Hükümet, Arçeş ve Orora arasında çalıştırmak için mart ayında köyü­müzden 40 kişiyi ameliyeye götürdü. Bu adamlara nezaret eden ve onları ölümüne çalıştıran Nuri Bey, daha baştan büyük bir çukur kazdırır ve şüphe uyandırmamak için oradan çıkan toprağı yolların doldurulmasında kullanır. Nisan ayında, içlerinde Martiros Ağa, Manuk, Hakob, Aleksan ve Gabriel’in de olduğu 40 kişi de öldürülür ve haftalar önce kendi elle­riyle kazdıkları çukura atılır. O bölgeden birçok Ermeni’nin ve önderlerin bulunduğu o çukuru, biz gidip şahsen gördük. Hizmetkârlarıyla birlikte müdürün zaptiyeleriyle birleşmiş olan Tundıraslı Hamza ile Mui köyün­den Mirde, nisan ayında köyü kuşatarak, ne var ne yoksa yağmalayıp hayvanları götürdüler, her cinsten 50 kişi öldürdüler ve köyümüzü zorla İslâmlaştırdılar. Tundıraslı ve Yağinli Kürtler, Manuk’un gelini Ceyran’ı, Khaçatur’un 14 yaşındaki kızı Herko’yu götürdüler. Hakob Ağa’nm 14 yaşındaki kızı Antaram’ı ve gelini Nubar’ı arzularına karşı geldiği için 3 çocuğuyla birlikte öldürdüler, en büyüğü 5-6 yaşındaydı.
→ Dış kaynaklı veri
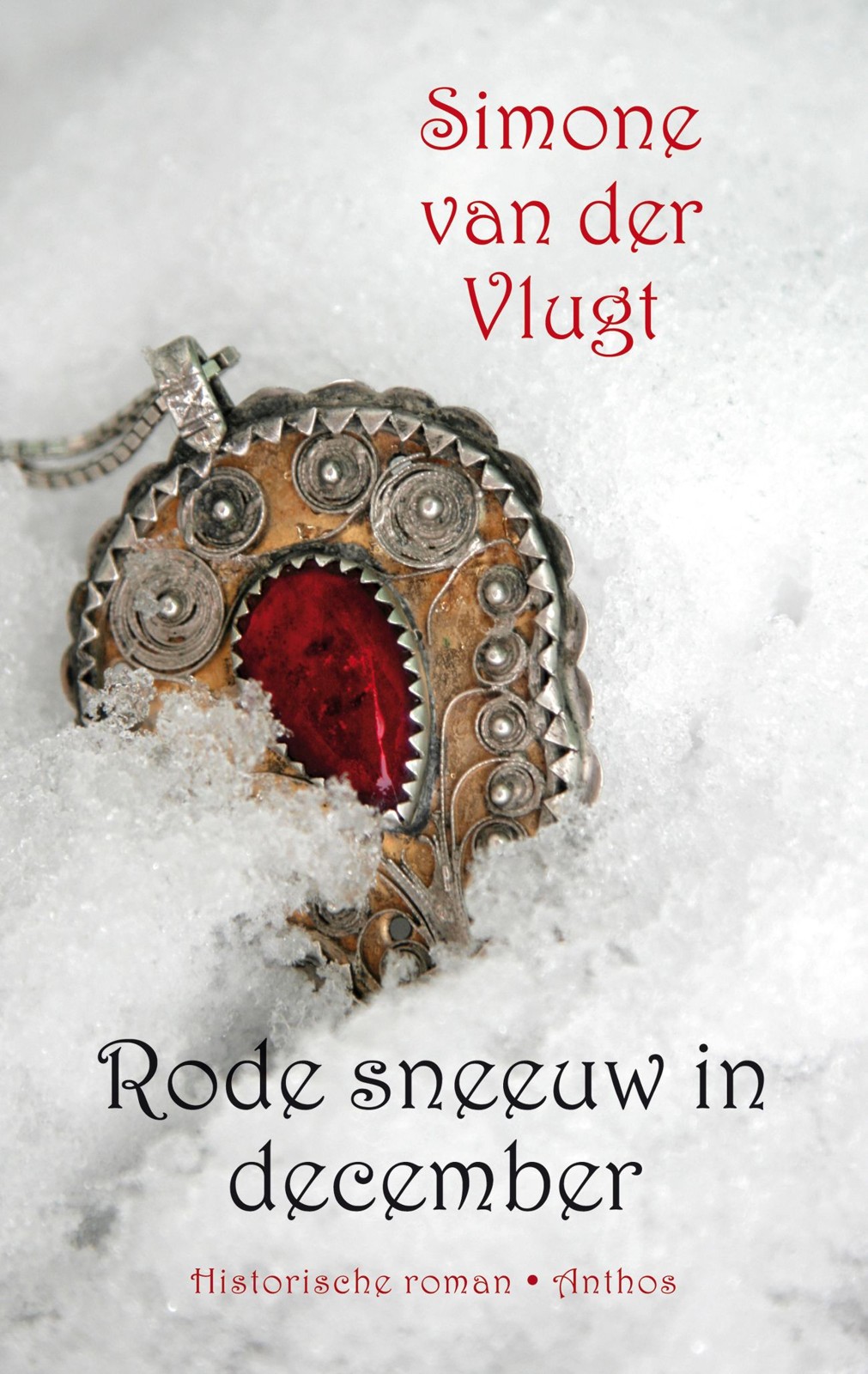 Rode sneeuw in december ebook cover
Biz de hükümet merkezi Arçeş’e kaçtık. Her gün Kürtler ve zapti­yeler bizi yağmalıyordu. 10 gün aç susuz kaldıktan sonra Zilanidzor’a, Kürtlerin arasına kaçtık. Ruslar ilerlediklerinde, bizi Rus ordusu tarafın­dan hırsızlık nedeniyle yakalanmış olan Kürtlerle değiştirdiler.

Ruslar Arçeş’i ele geçirince evlerimize döndük ve 1915 Temmuz rica­tında, Berkri üzerinden göç ettik. Zilanlı ve Haydaranlı Kürtler bizi yolda yakaladı. Bizimkiler, gönüllülerle birlikte karşı koydu ve Kafkasya’ya geçtik. Yol yorgunluğu ve hastalıklardan 20 kişi Ecmiadsin’de öldü.

Şimdi Yerevan, Ecmiadsin, Gamarlu ve daha başka bölgelerde yaşı­yoruz. Bugüne kadar hiç kimse vatana dönmemiştir.

EM A, fon 227, liste 1, dosya 438, yapraklar 6’nın arka yiizü-7 ve arka yüzü, orijinal, el yazısı.